He arrived fashionably late, but no-one grew tired of waiting for rock legend Ray Davies when he visited his old stomping ground on Monday night.

The former Kinks frontman drove the short distance from his Highgate home to Fortismere School to officially open the new music wing and reminisce about his formative years.

“It was called William Grimshaw in those days. I don’t know who William Grimshaw was but the name was quickly shortened to ‘the grim’. It was an experimental school, founded in the late 1950s to give opportunities to less academically gifted children. I was one of them,” he said.

He recalled that there was no cohesive music department then and he could only “gaze in wonder” at the new multi media wing. “The machinery is awesome: that’s an over-worked word but it applies.
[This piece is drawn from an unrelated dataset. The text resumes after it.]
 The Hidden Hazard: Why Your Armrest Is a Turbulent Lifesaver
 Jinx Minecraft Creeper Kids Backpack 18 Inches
As far as music is concerned it is important to have creativity because ideas cannot be taught and this is a really creative environment.”

He invited Fortismere students to join him on music projects to celebrate the anniversary of the Festival of Britain and the coming Olympics, and earlier in the evening the audience heard two pieces by the Crouch End Festival Chorus, who have backed the singer on stage and in the studio.

The school’s head of music, Sarah Ogilby, also recalled days when the music department was less glamorous. “Musical experiences at Fortismere were housed in dilapidated buildings with cracks in the walls and holes in the roofs. What this new building says is that music is important to this school and this community... it raises the bar. This is a building to be proud of and a legacy for the future,” she said.

The new music wing is part of the Building Schools for the Future programme and Cllr Lorna Reith, Haringey Council’s cabinet member for children and young people, might have been referring to the coalition government’s education cuts when she said: “BSF represents a genuinely once in a generation opportunity to give our students the first class facilities they deserve: facilities that enable our young people to realise how much they are valued, and inspire them to bigger and better things.”

Tributes were paid to the vision of former head Aydin Onac who attended the opening and new head Helen Anthony said that the wing had been completed “by the skin of it’s teeth” under BSF funding.